Of course, fen-phen ain't so great, as Slate recently told us:
http://www.slate.com/medicalexaminer/97-08-28/medicalexaminer.asp
> We've learned much in the last few years about the role that hunger
> plays in obesity. Drug companies have capitalized on that knowledge to
> create powerful new appetite suppressants. But these "cures" come with
> serious risks. Researchers linked the popular diet-drug combination
> "fen-phen" to a rare heart disease a year ago. But doctors continued to
> prescribe it to millions, arguing that the health risks associated with
> obesity justified fen-phen's wide use. Now reports of new heart
> abnormalities in women on fen-phen raise fresh questions about using
> pills for obesity before all the facts are in.
> ...
> The big breakthrough in understanding obesity came in 1994, when
> experiments on lab mice revealed that the hormone leptin controls the
> setpoint by controlling satiety. When your weight falls, leptin
> decreases, hunger increases, and you eat more--until you return to your
> weight setpoint. This year, researchers in Cambridge, England, found an
> inbred family whose members all lacked the gene for producing
> leptin. Without leptin to signal satiety, the children in this family
> eat ravenously. The 2-year-old weighs 64 pounds and the 8-year-old, 189
> pounds.
> ...
> Fen-phen consumption began to fall only this month, when the
> New England Journal of Medicine essentially withdrew its
> earlier cost-benefit argument with the emergency release of
> startling new fen-phen findings. Researchers in Minnesota and
> Nebraska documented 24 cases of unusual heart-valve
> abnormalities in women taking fen-phen. The average age of the
> patients was 43, and five required valve-replacement surgery.

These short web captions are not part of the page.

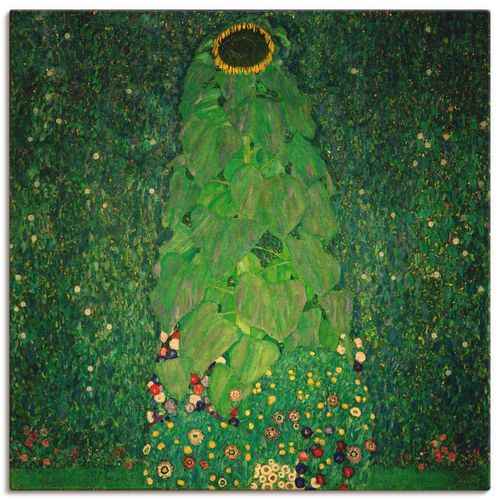 4055327950725 - Wandbild ARTLAND Die Sonnenblume Bilder Gr B H 70 cm x 70 cm Leinwandbild Blumen quadratisch 1 St grün Bild Leinwandbild Kunstdrucke Bilder als Leinwandbild Wandaufkleber oder Poster in versch Größen 4055327950725 - Wandbild ARTLAND Die Sonnenblume Bilder Gr B H 70 cm x 70 cm Leinwandbild Blumen quadratisch 1 St grün Bild Leinwandbild Kunstdrucke Bilder als Leinwandbild Wandaufkleber oder Poster in versch Größen
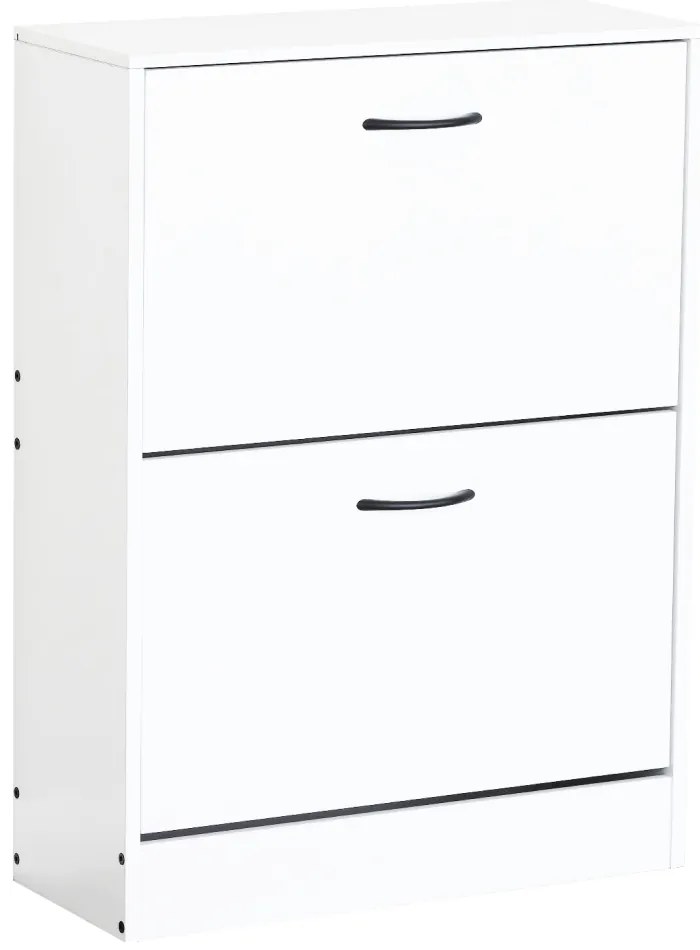 Szafka na buty BOTNIX, 2 półki, biały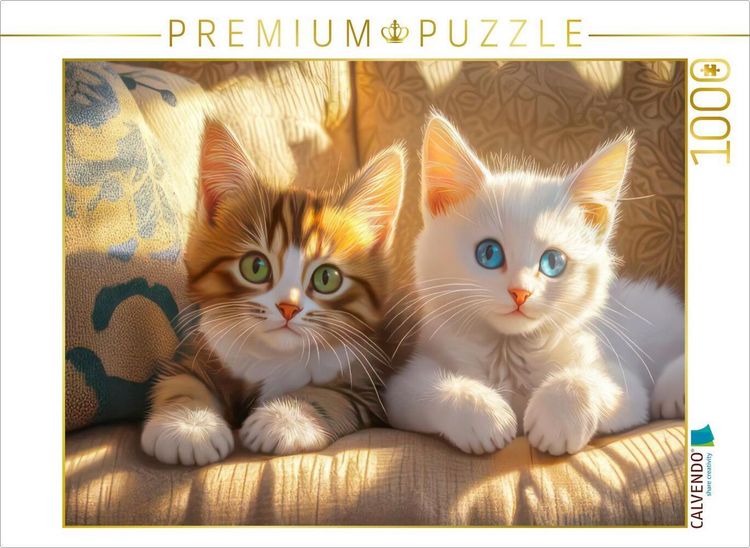 Produktbild: CALVENDO Puzzle Illustrationen von Katzen | 1000 Teile Lege-Gr&ouml;&szlig;e 64x48cm Foto-Puzzle f&uuml;r gl&uuml;ckliche Stunden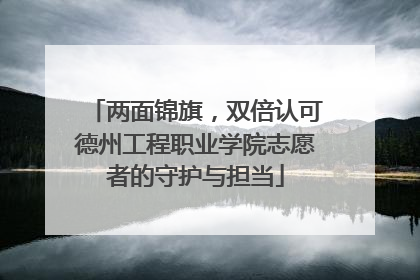 两面锦旗，双倍认可德州工程职业学院志愿者的守护与担当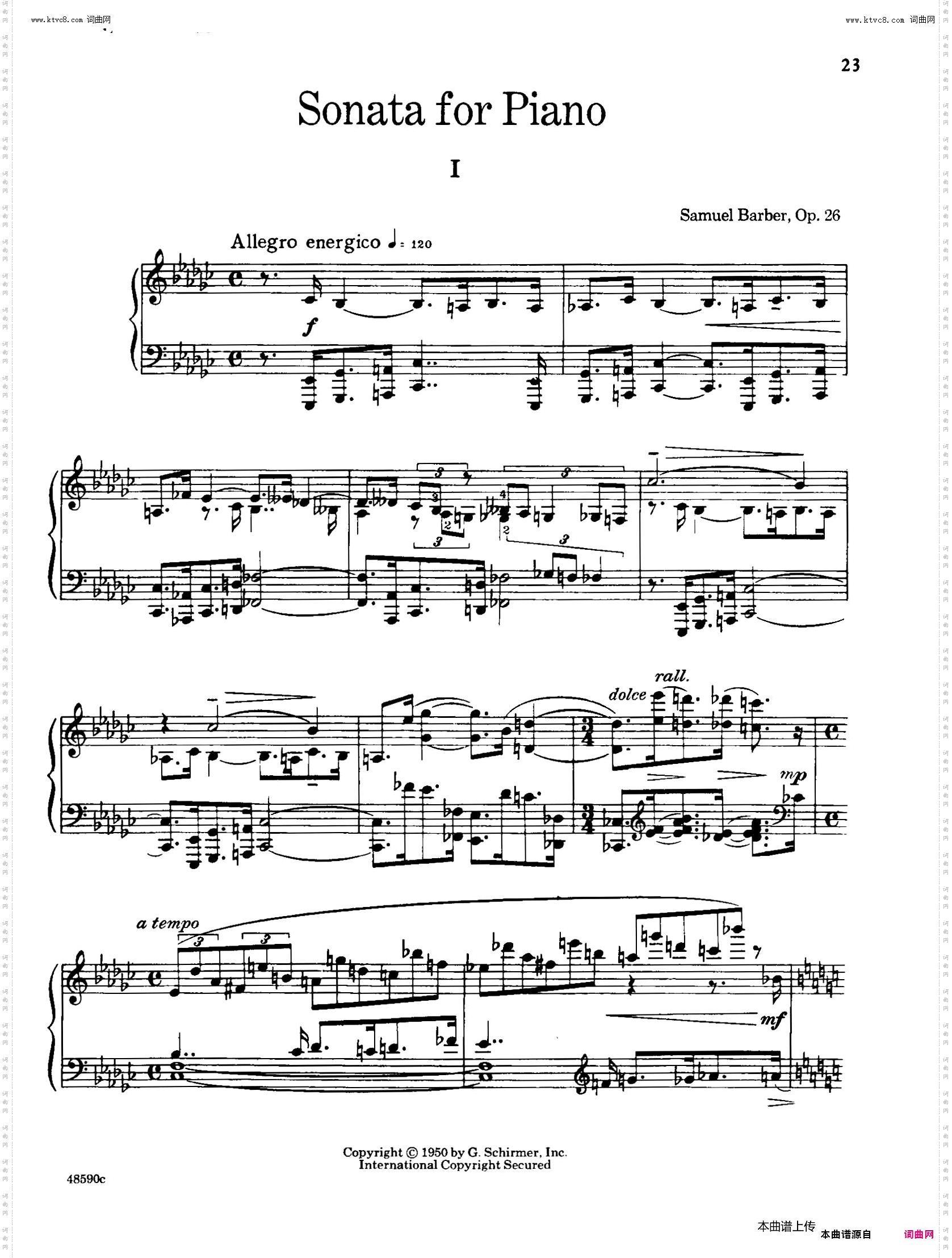 Piano Sonata Op·26钢琴奏鸣曲·第一乐章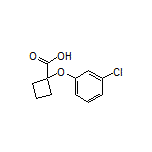 1-(3-Chlorophenoxy)cyclobutanecarboxylic Acid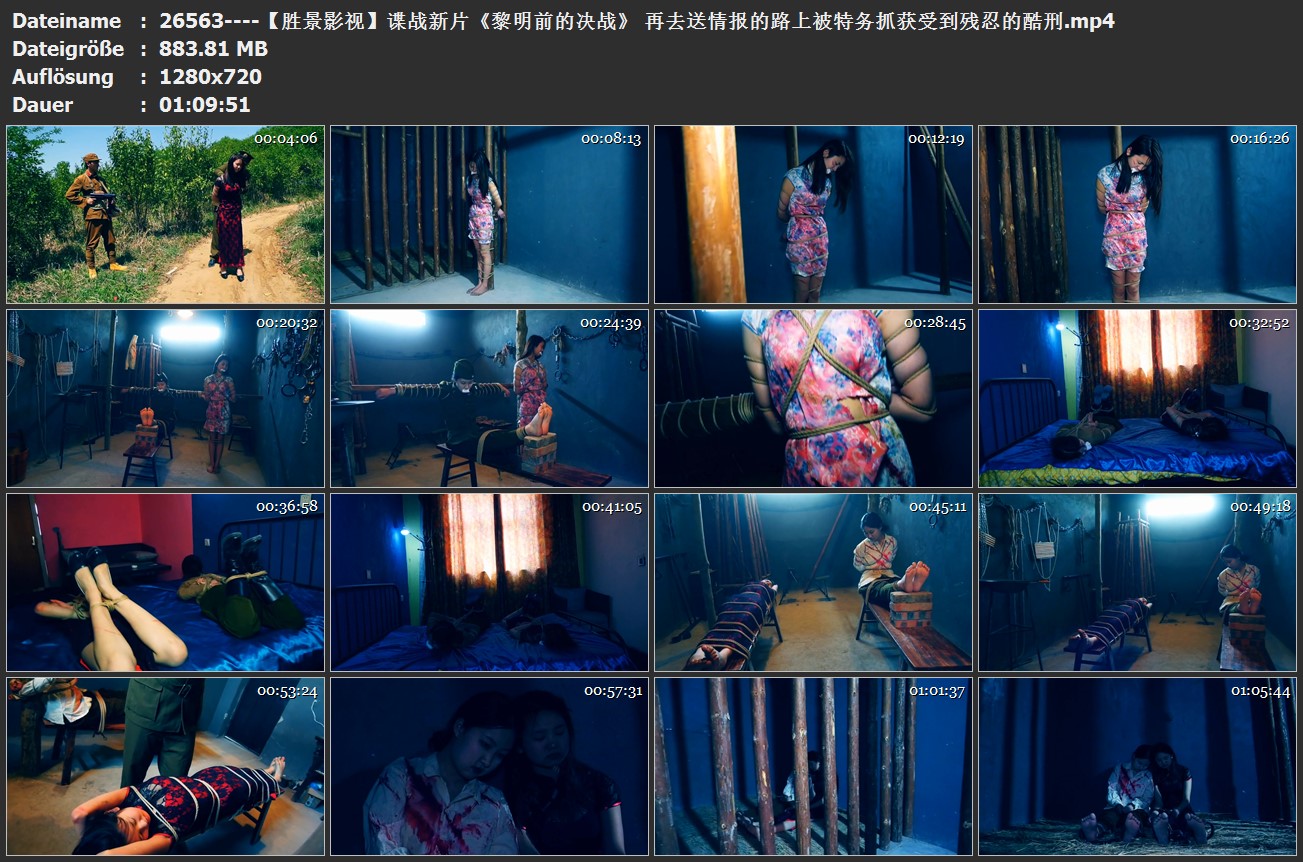 26563----【胜景影视】谍战新片《黎明前的决战》 再去送情报的路上被特务抓获受到残忍的酷刑.jpg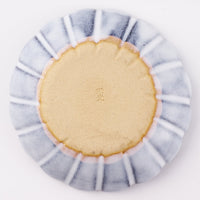 萩焼 松光山 菊花小皿 グレー 萩焼 松光山 萩焼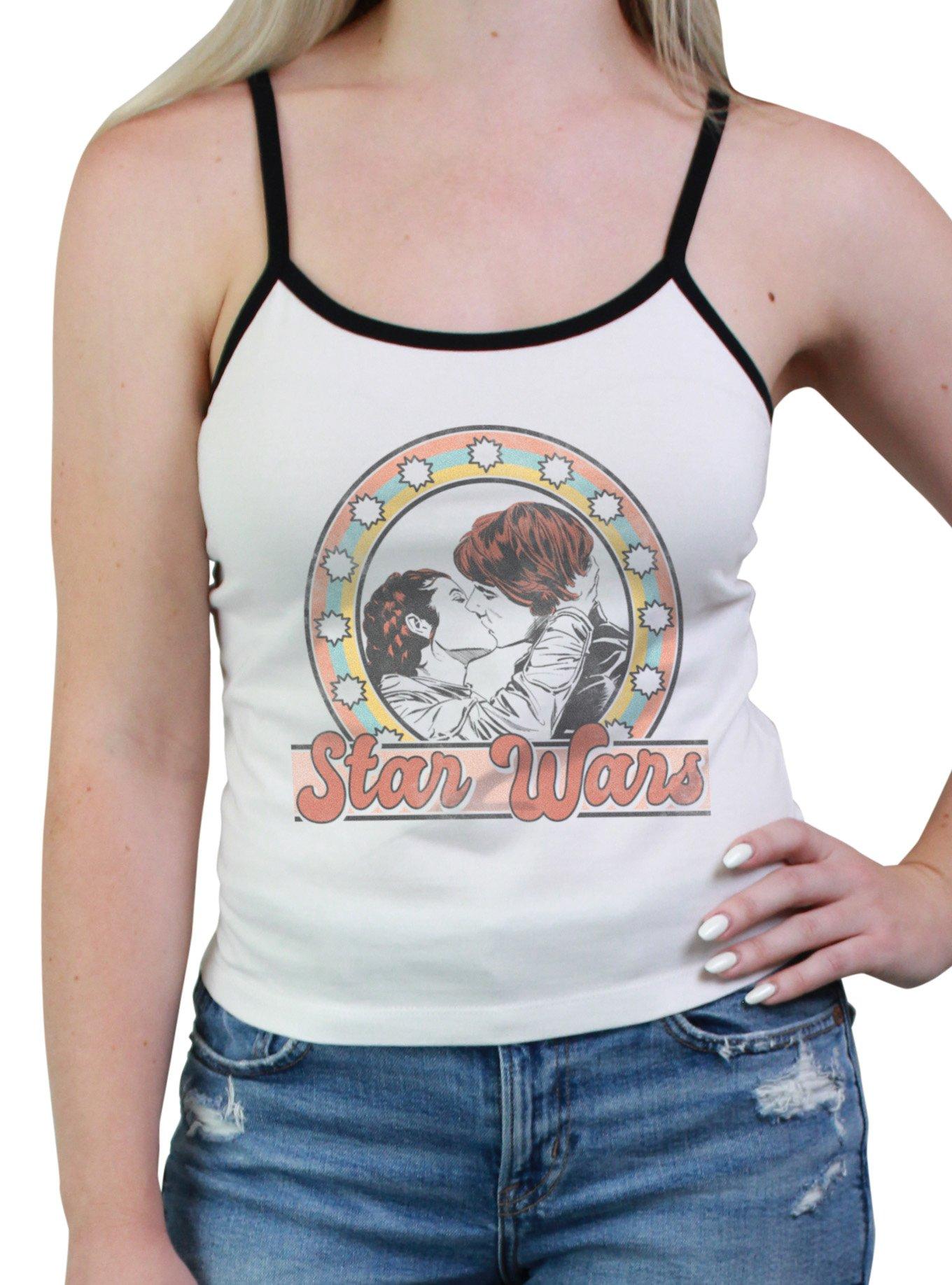 Star Wars Han Solo & Princess Leia Kiss Womens Cami, , hi-res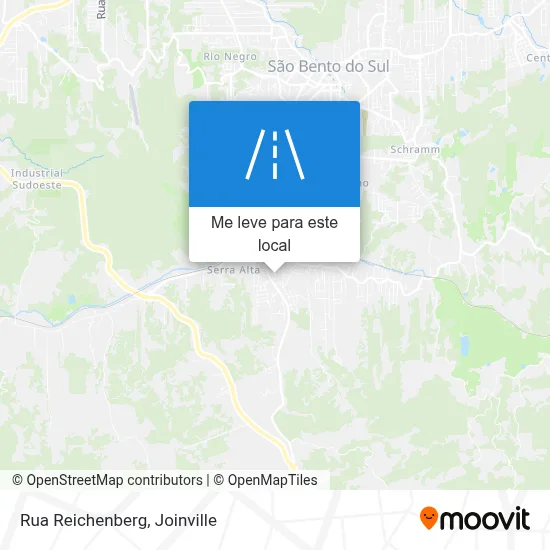 Rua Reichenberg mapa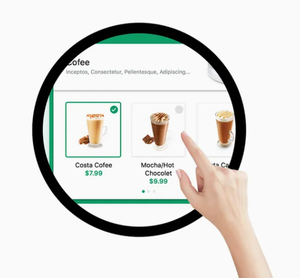 23.6 inch tùy chỉnh vòng Màn hình LCD cảm ứng quảng cáo phương tiện truyền thông hiển thị tất cả trong một máy tính - Product Image 1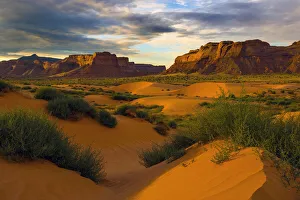 Steve Mohlenkamp Prints: Lukachukai desert sand dunes in northern Arizona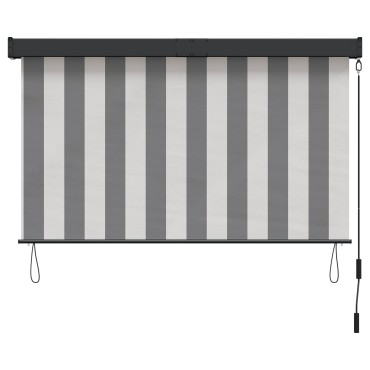 vidaXL Ρόλερ Γκρι και Λευκό 180 x 250 cm Ύφασμα και Αλουμίνιο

> This week, the FDA reported 58 new cases of abnormal heart
> valves in patients on fen-phen, and the Journal of the American
> Medical Association reported animal evidence linking both
> dexfenfluramine and fenfluramine to toxic brain effects.
>
> There are three reasons why nobody should have bought the
> obesity-is-deadlier argument. 1) Obesity's risks come from high
> blood pressure, high cholesterol, diabetes, and heart disease, each
> of which can be controlled with safe medicines. 2) The mildly
> overweight don't run these health risks, yet drug companies are
> using results from 300 pounders to sell drugs to 140 pounders who
> want to look good at the beach. 3) Even in the seriously obese, we
> don't know that these drugs really will save more than they kill,
> because no studies have been done. (Meanwhile, the drug lobby is
> blocking the FDA from monitoring for bad outcomes after it
> approves drugs.)
Well, I'm numbed into a sense of apathy. I don't know which way is up
anymore.
> Fen-phen isn't our first go-round with a miracle cure for
> obesity, and it isn't likely to be our last. In the late '80s, doctors
> inflated a balloon device in obese patients' stomachs. Because
> patients couldn't eat nearly as much, they lost weight and kept it
> off. But some of the balloons deflated and got stuck in the
> intestines. Only after several people died was the device pulled
> off the market. The dieters' craving for something to quiet their
> hunger is almost as great as their craving for food.
We now return you to your consumption-obsessed society, already in
progress...
----
adam@cs.caltech.edu
When your pet bird sees you reading the newspaper, does he wonder why
you're just sitting there, staring at carpeting?